Yeah so I am excited about this baby. Do not get me wrong. I want this baby and Doug and I are very excited to welcome him/her into our family. On the other side of the coin, I am scared out of my mind. Doug took over everything when I was pregnant. I usually am so sick at the beginning and then so huge at the end that I cannot do much. Doug deploys in January so he will be here most of my first trimester which will be awesome. I am very grateful for that. Plus the kids will still have school so I can do my running around while they are there. I am actually considering putting Brecken in an extra day to get more done but we will see. He will hopefully be back in July so he will be able to help me out in the last couple of weeks. I still get really scared though. Like almost in tears scared and I know I am all hormonal and emotional but I hate feeling like this. I know many woman have done this which makes me feel better and I know I have support from a bunch of friends and that I will never truly be alone. I just keep praying to God and telling Him I am going to need Him more then ever this next year. Lol...maybe that is why He let us get pregnant. I am even more comforted that I have my BFF Forever to help me through this. She always knows how to get me back into reality. So yeah...totally loving this new baby but very scared.

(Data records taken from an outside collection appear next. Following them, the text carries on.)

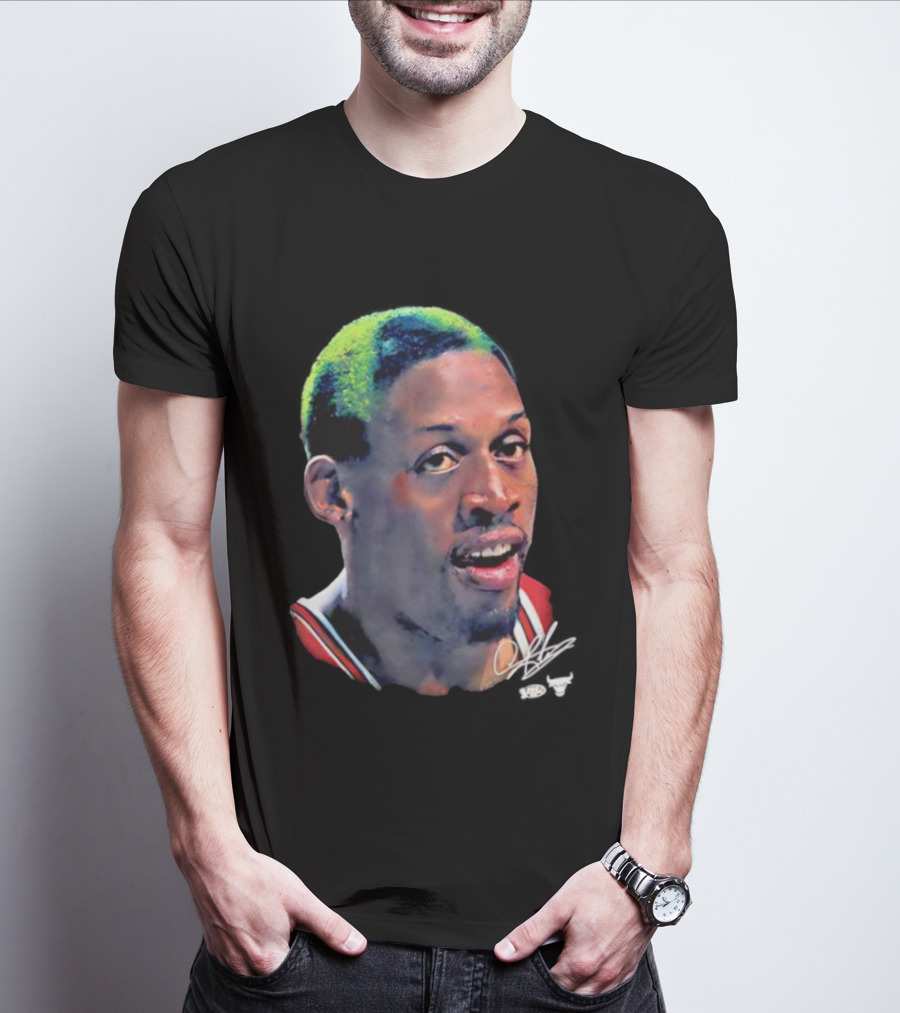 Chicago Bulls Dennis Rodman Big Face Signature T-Shirt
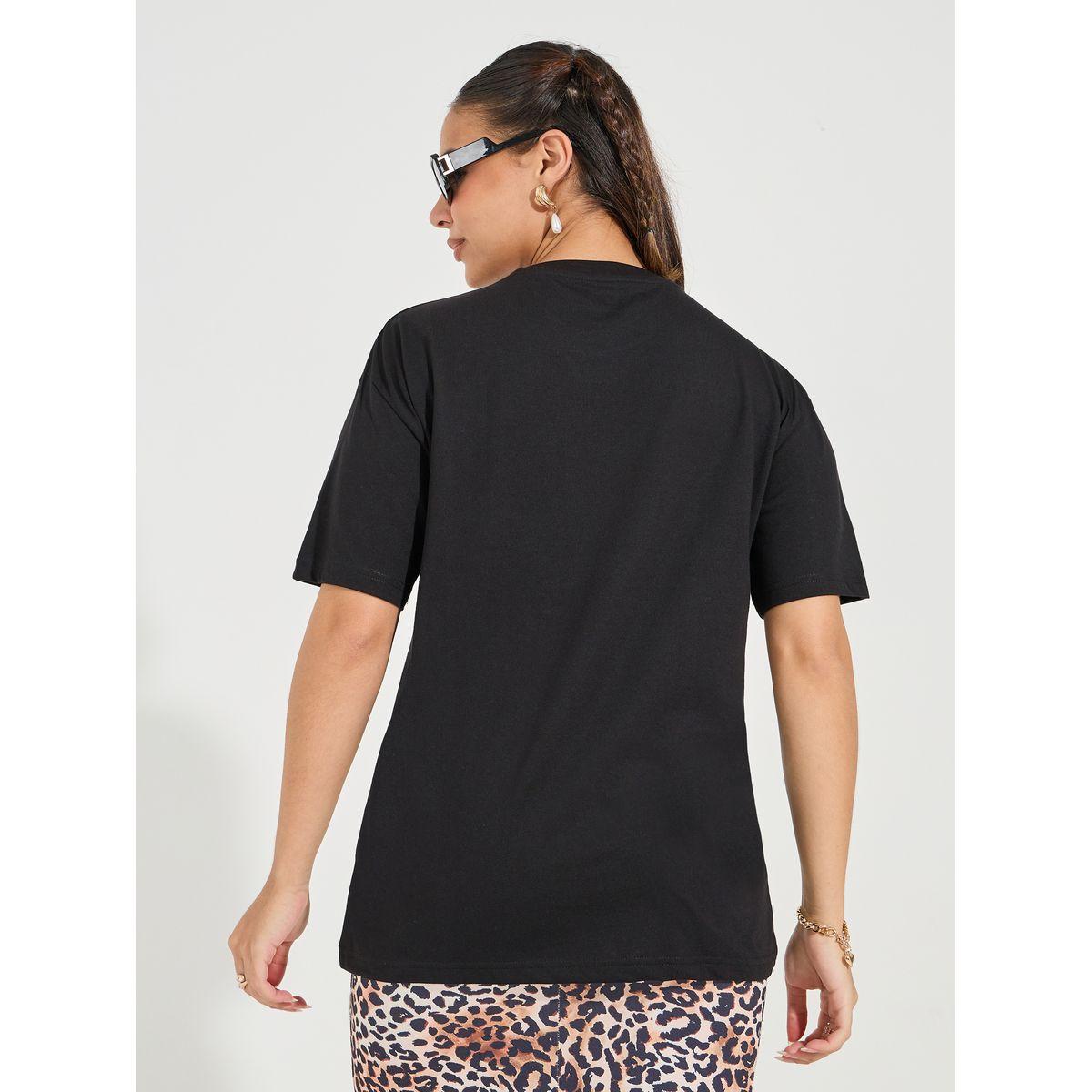 Styli Oversized Slogan Print T-Shirt with Dropped Shoulder-women-clothing-tshirts-image-5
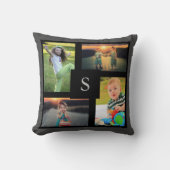 家族の写真のコラージュを作成モノグラムの クッション (正面)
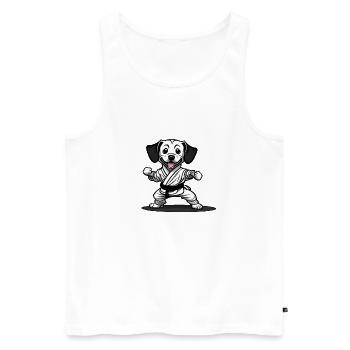 Karaté Chien Drôle - Débardeur bio Premium Homme - blanc - Devant - Michal (187cm)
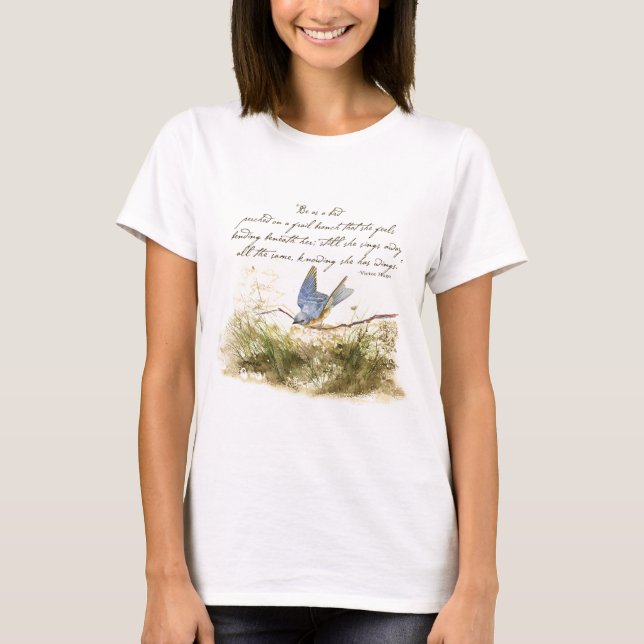 Bluebird auf Zweig Victor Hugo Inspirationsegedich T-Shirt (Vorderseite)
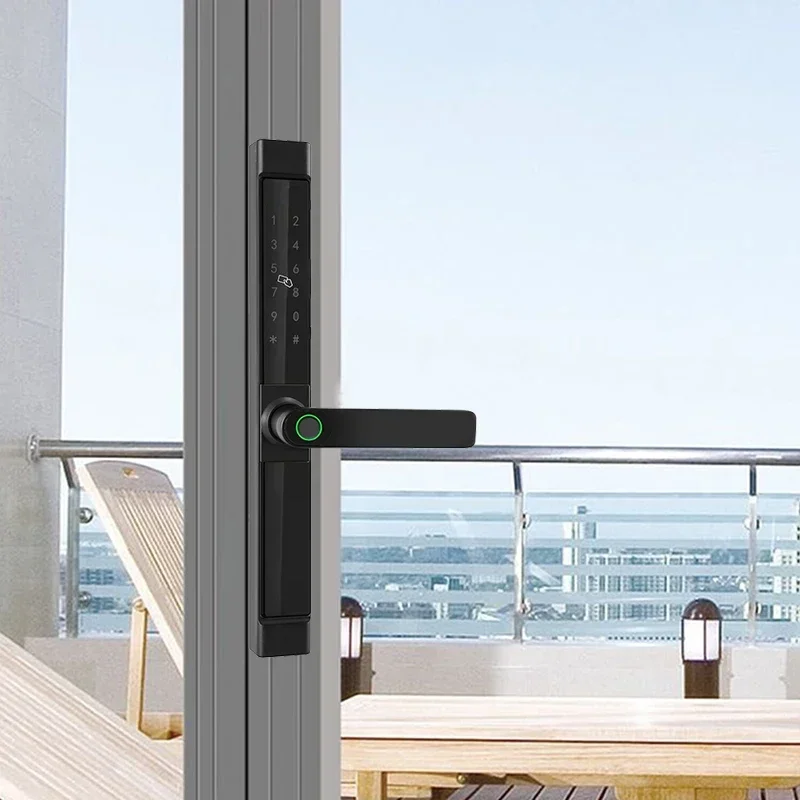 2024 New Arrival Slim Aluminium Door Use Narrow Type Mortise Door Lock Finger print Lock for Sliding Door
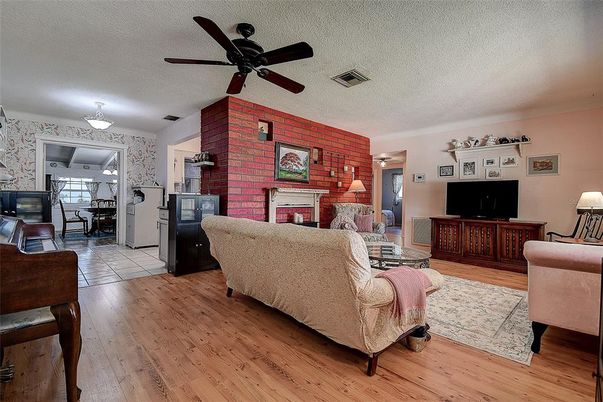 Dining room, Fireplace, Interior, Living room, Stone Walls, Wood Texture Flooring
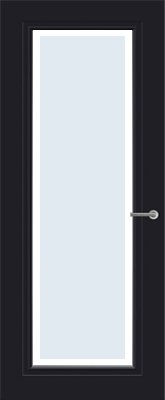 Svedex CE102 Diep Zwart Blank facetglas binnendeur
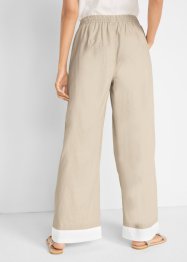 Pantalon en lin extra large style double épaisseur avec taille confortable, bpc bonprix collection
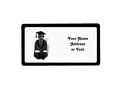 Meerkat Graduate W/Grey Gown & Black Sash Label via zazzle
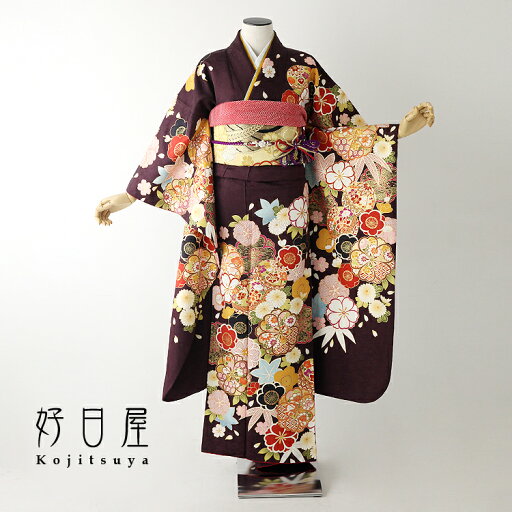 【レンタル】 振袖 フルセット 正絹 適応身長148~163cm 紫 pu-025 【レンタル】 振袖 フルセット 正絹 適応身長148~163cm 紫 pu-025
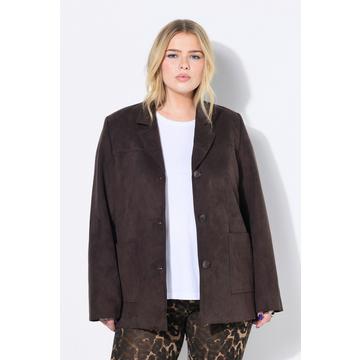 Blazer dal taglio lungo e ampio in materiale scamosciato con revers e fodera completa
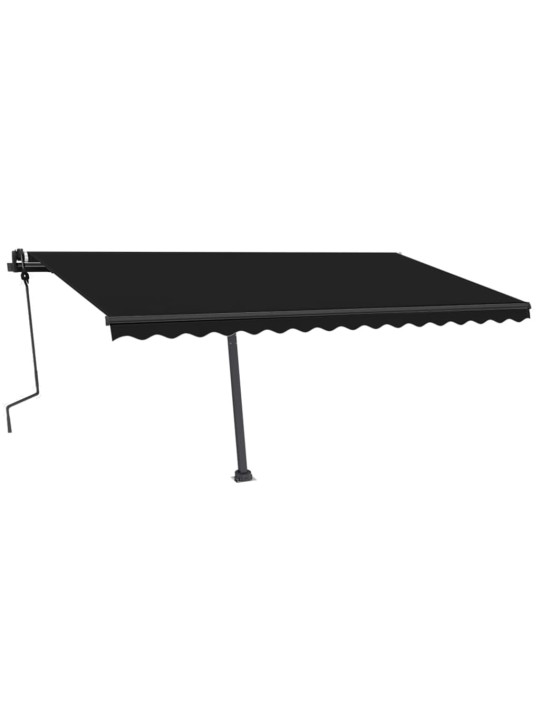Izvelkama markīze ar led, 450x350 cm, manuāla, antracītpelēka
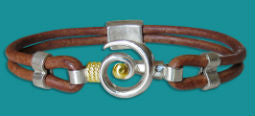 #112 Hurricane Bracelet Brown Leather with Gold Small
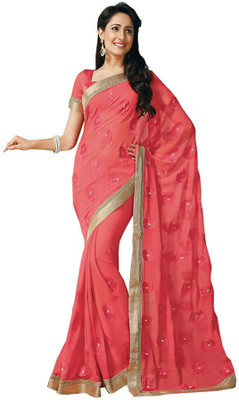

Party Wear Dresses Printed Fashion Pure Chiffon Saree(Multicolor), Multicolor446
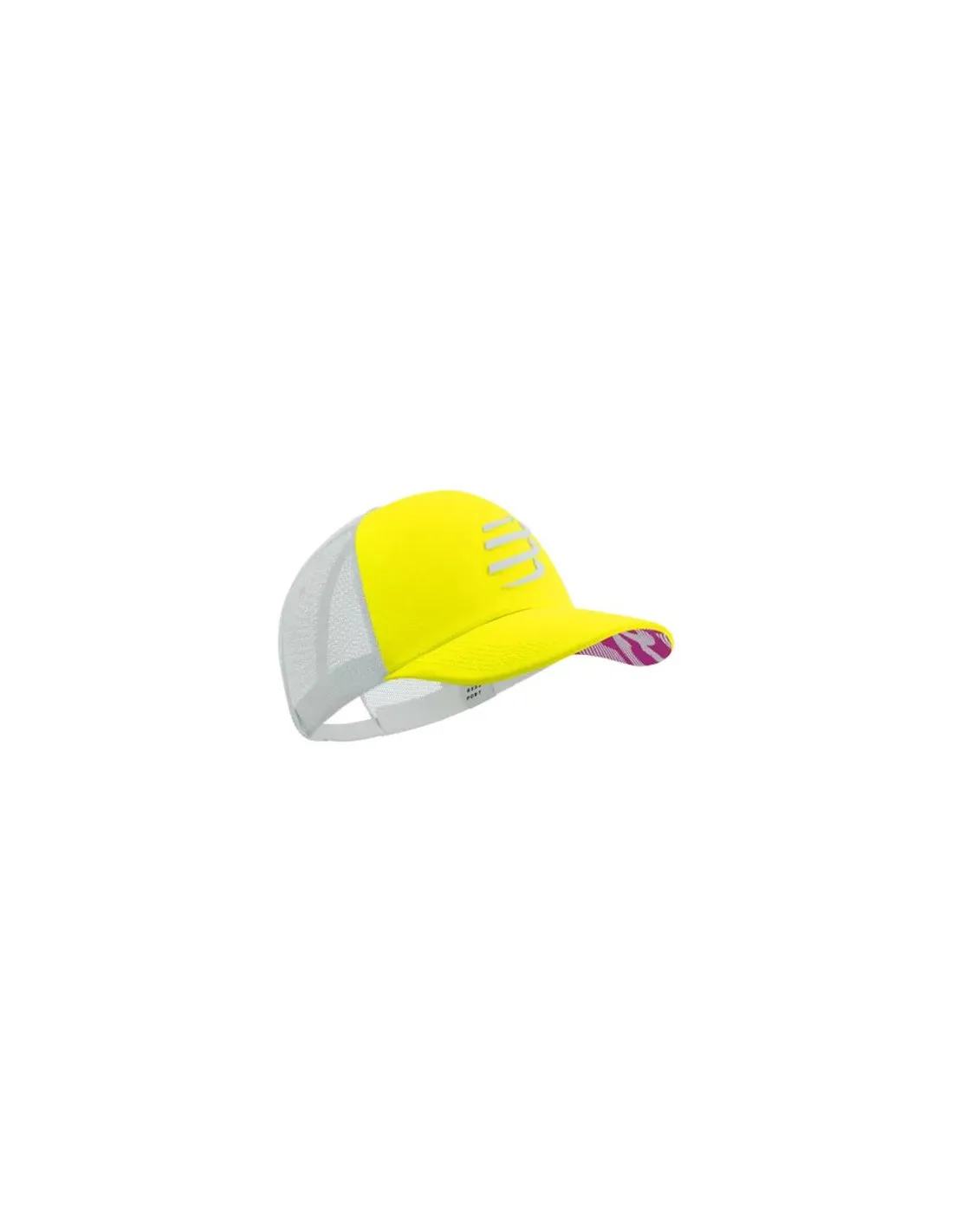 Gorra de Running Compressport Trucker Blanco/Amarillo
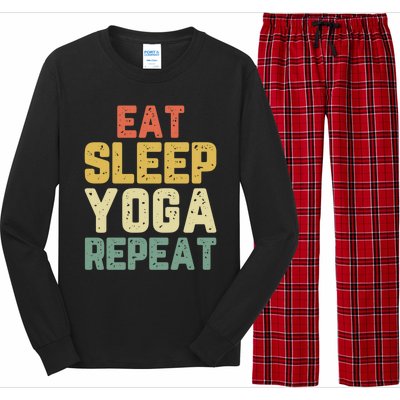 Eat Sleep Yoga Repeat Teacher Spiritual Vintage Gift Long Sleeve Pajama Set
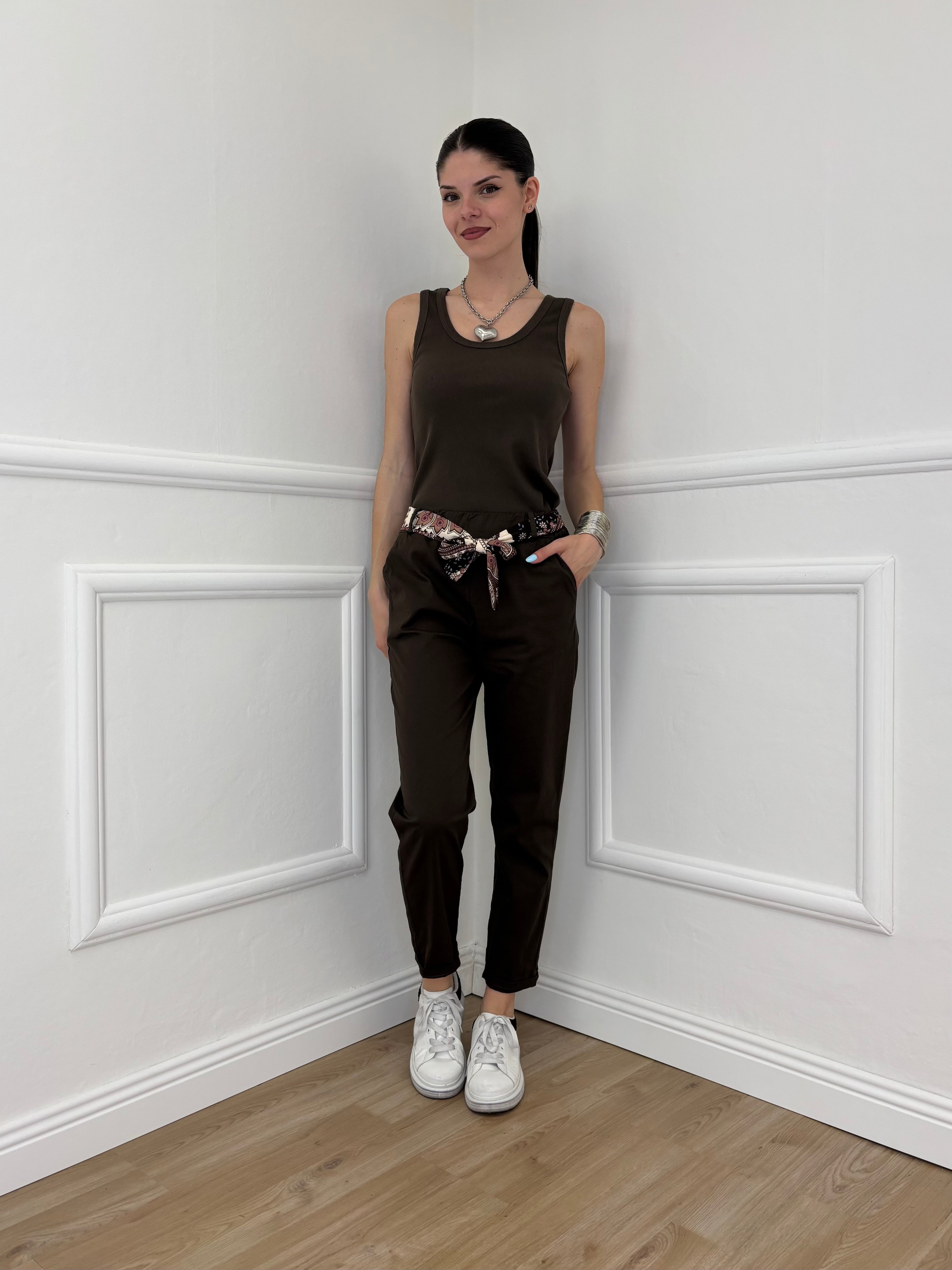 Pantalone Cotone Fusciacca 1508 Marrone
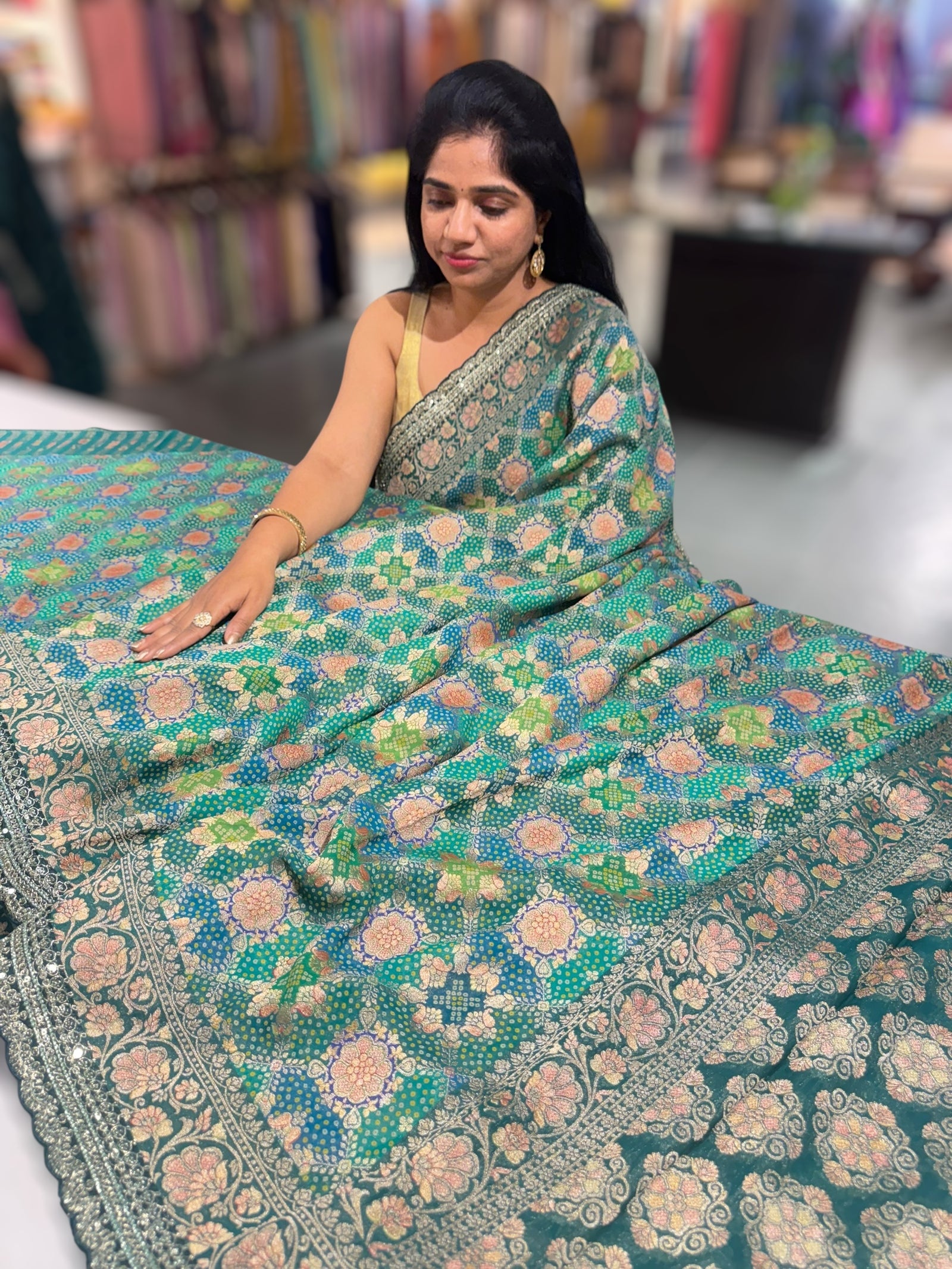 Emerald Green & Blue Banarasi bandhini georgette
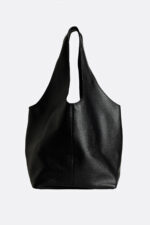 Geantă SACK Neagră cu Inele Metalice Argintii - imagine 4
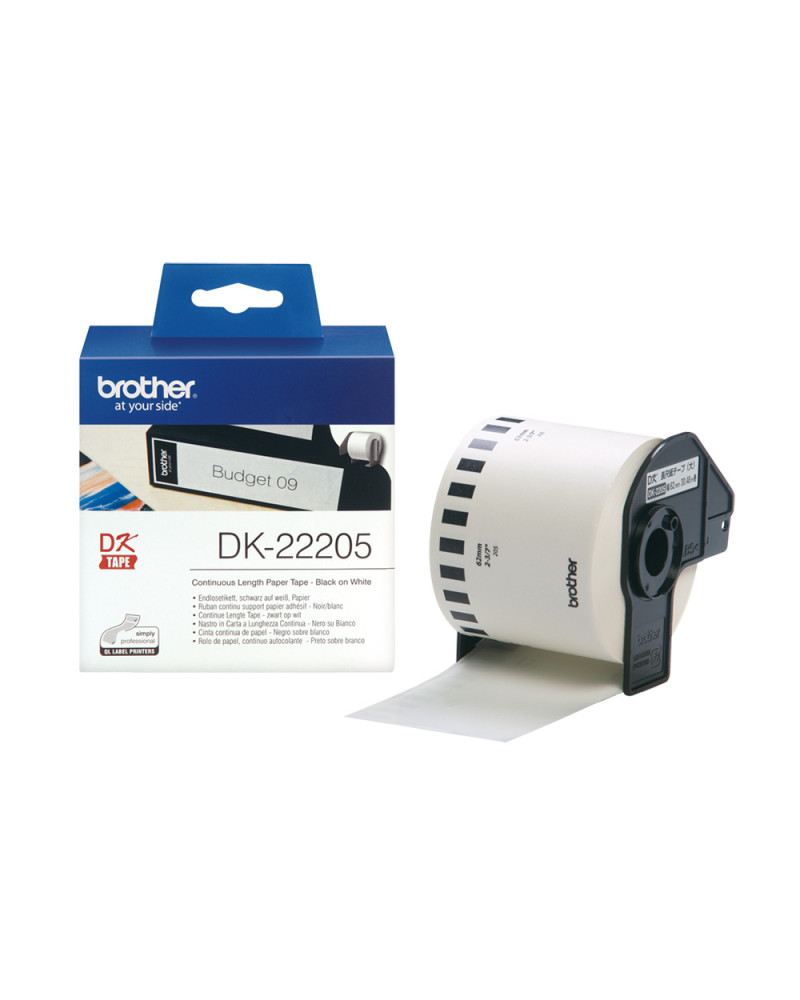 BROTHER LABEL PRINTER TAPE Black on White 62mm wide (DK-22205) (BRODK22205)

Another weird thing is all the things that are happening. When we got pregnant for the second time, it was right after Courtney had died. It was the same year that Taylor was born. We found out in December and lost the baby a week later. My dad died this year. Brecken was born this year and we found out in December. I know God has it in His hands. Just a little weird. I am praying we never ever have to go through a miscarriage again.
Anyways God is good and I believe we will have this baby. I have 2 beautiful babies now and I am very content with my life and will praise Him no matter what. His plan is the best plan and I will chase after Him forever.